PRI Study: California public-sector compensation soaring

Analysis

Dec. 7, 2012

By John Seiler

A new study by the Pacific Research Institute shows that compensation for the public sector in California is soaring far above that of the private sector. PRI is CalWatchDog.com’s parent think tank.

For California state and local governments, “a key driver of the budget crises is overly generous government compensation packages,” the study found. “Consequently, California’s budget crises will never be sustainably resolved without addressing the problem of overly generous state and local government compensation.”

“Policy Reforms to Control Rising Government Compensation Costs” is written by Wayne Winegarden, Ph.D., a PRI senior fellow and a lecturer in economics at Marymount University.

Winegarden’s key findings:

1. “California’s government compensation costs are already excessive.” He cited a 2011 study by Jason Richwine and Andrew Biggs, which found:

“In the case of California public employees, wages are slightly lower in the public sector. Initially, benefits appear only slightly higher, implying rough parity in compensation between the public and private sectors. However, properly accounting for retiree health benefits and defined benefit pension plans generates a public compensation premium of around 15 percent. The additional job security granted to public-sector employees is equivalent to an approximately 15 percent increase in public compensation, meaning that the total public-sector pay premium in California may be as high as 30 percent.”

I would add that Richwine and Biggs just came out with an op-ed in the Wall Street Journal which found that government workers (teachers were not included) put in about a month less time on the job every year than do private-sector workers. They wrote:

“Based on the most detailed and objective data set available, the private sector really does work more than the public sector. This fact may hold different lessons for different people, but our own take is simple: Before we ask private-sector employees to work more to support government, government itself should work as much as the private sector.”

In sum, government workers get paid 30 percent more than private sector-workers, but work 8 percent (one month) less. Nice part-time work for full-time pay if you can get it.

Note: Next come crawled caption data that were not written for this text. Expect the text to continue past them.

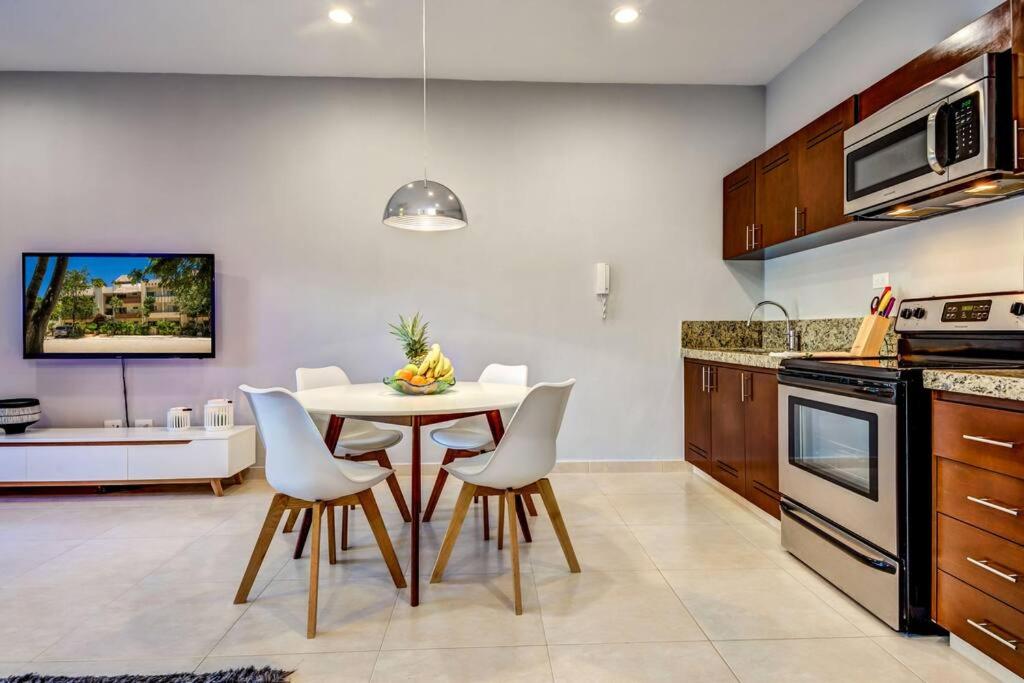 XIKNAL Village, Stunning Apartment Best location view 3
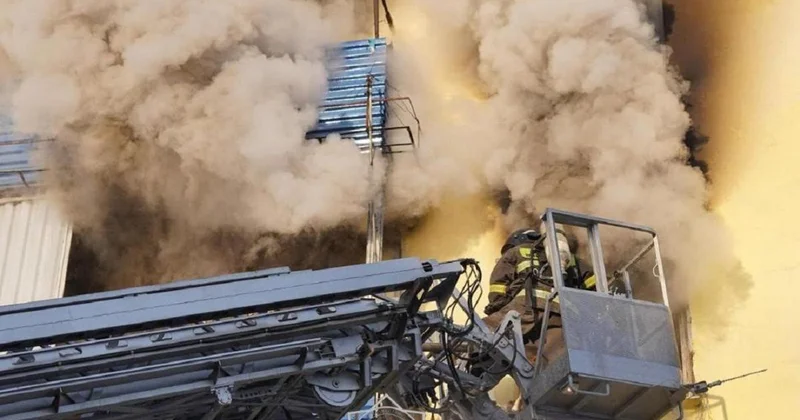 Заваленная мусором квартира горела в Усть Каменогорске (фото)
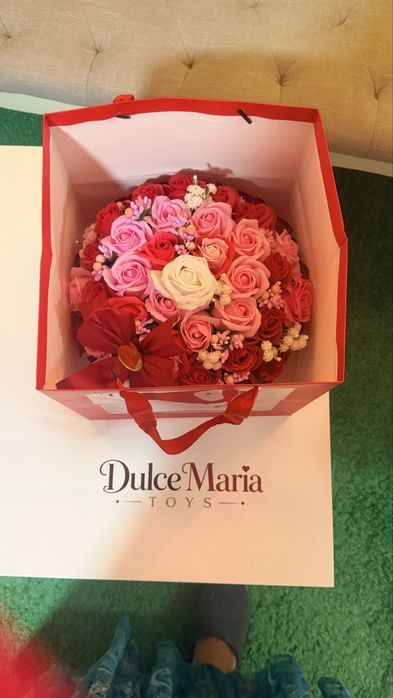 Aranjament premium cu  trandafiri de săpun în cutie – Cadou elegant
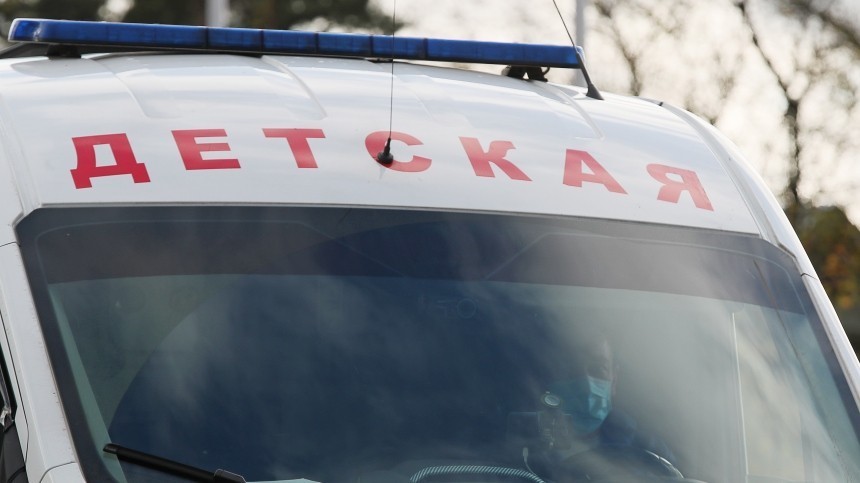 Грудничок госпитализирован после падения строительного забора на коляску в Москве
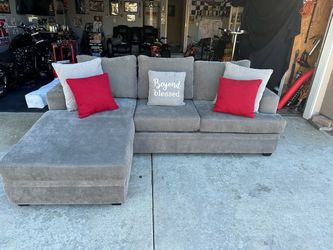 Gorgeous reversible chase sectional couch !!!
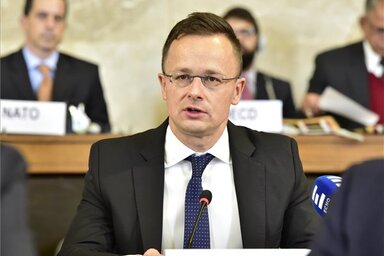 Szijjártó Péter külgazdasági és külügyminiszter felszólal a Genfben rendezett Afganisztán-konferencián (fotó: MTI)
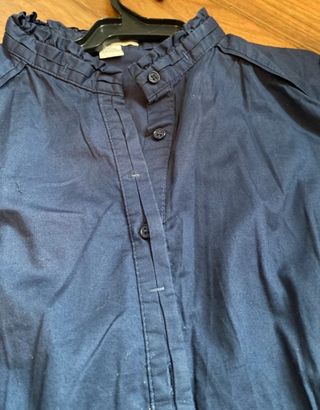 Bolso, camisa cuello Mao y camiseta marrón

However, I’m also mindful of the old libertarian maxim, “We’re lucky we don’t get all the government we pay for.” I would be happy if every regulator in the state, even while getting paid their hefty salaries and benefits, stayed home and played video games.

Widening pay gap

Back to the PRI study by Winegarden. He also found, “California’s government compensation premium over California’s private sector is widening.” That means:

“The benefit premium of state and local government workers is not a new phenomenon …. over the past 40-plus years California’s government compensation premium relative to California’s private sector compensation levels has been growing and is currently near historic highs.”

Even as the private sector that pays for everything through record-high taxes shrinks, the government sector that lives off it keeps growing.

Compensation higher than other states

Winegarden also found, “California’s government compensation premium relative to other states cannot be justified based on California’s relatively higher incomes and cost of living.”

Certainly, California’s cost of living is higher than in other states — in part because of the high cost of taxation and the regulations imposed by all those highly compensated functionaries.

But Winegarden wrote:

“State and local government workers in California receive a compensation premium over state and local government workers in Texas and the U.S. that is consistently greater than the compensation premium received by California’s private sector workers compared to private sector workers in Texas and the U.S.”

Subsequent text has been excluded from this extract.